Columnist: Andra Nana Akua Mensah

The Glefe garbage dump

The Glefe community is gradually becoming a dump site The Glefe community is gradually becoming a dump site

We have bad news from Glefe: yet again, a lagoon -a Ramsar site, is being destroyed by turning it into a garbage dump.

Instead of the refuse collectors popularly known as Borla Borla, who use tricycles fixed with buckets, taking the refuse and dumping it at the Accra Metropolitan Assembly (AMA) recognized dump sites, they take it to Glefe instead.

“This place is very good for us because we save fuel and also we pay less to dump the refuse here,” said one Borla Borla man.

The Borla Borla drivers have negotiated with the caretakers of the Glefe rubbish dump and pay 20 cedis (about USD4).

At the Mallam or Korle dump sites approved by the AMA the charge per Borla Borla tricycle is 50 Cedis (about USD10).

Sadly both the Mallam and Korle dump sites approved by the AMA and sister local assemblies are important Ramsar sites and lagoons respectively, which have been polluted for years.

They are known for bird watching and the state of their aquifers is anybody’s guess.

The distance from Glefe to either Mallam or Korle is about 20km.

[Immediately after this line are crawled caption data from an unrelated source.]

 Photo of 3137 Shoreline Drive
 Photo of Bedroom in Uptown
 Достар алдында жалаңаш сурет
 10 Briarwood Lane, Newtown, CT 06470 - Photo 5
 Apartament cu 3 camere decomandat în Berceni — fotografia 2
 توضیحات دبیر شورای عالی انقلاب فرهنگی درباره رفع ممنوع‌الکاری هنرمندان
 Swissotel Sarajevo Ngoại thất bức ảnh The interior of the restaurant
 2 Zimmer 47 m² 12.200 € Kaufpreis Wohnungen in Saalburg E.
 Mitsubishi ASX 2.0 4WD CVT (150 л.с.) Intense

Besides, not all the rubbish that IS dumped into the Ramsar site in Glefe IS collected within Glefe or its immediate Opetekoi and Dansoman Last Stop neighbourhoods.

The Glefe rubbish dump has also turned into a HIDEOUT for ruffians and miscreants.

Many adolescent truants work on the Glefe rubbish dump, making an average of five Cedis (nearly one US dollar) for each morning’s round of work, monies paid to them by the Borla Borla drivers. Ghana’s daily minimum wage is GH?10.65 (about USD2).

The Glefe rubbish dump is a breeding ground for flies, insects and rodents.

And now that polio has re-emerged in ghana………

On 3FM of Accra last November, Cecilia Abena Dapaah, Ghana’s minister for sanitation and water resources stated that very soon our landfill sites will be “re-engineered” and be capable of being used as “wedding grounds”, reported Ghanaweb.

Several seasoned professionals could not have been more scandalised by the minister’s statement.

“Does she know what could be in a landfill? It could include deadly gases such as Methane. And she thinks just growing flowers and grass or whatever on it makes it OK?”, asked a middle-aged physician.

No wonder our sanitation problems at Glefe and beyond keep getting worse; it is scary.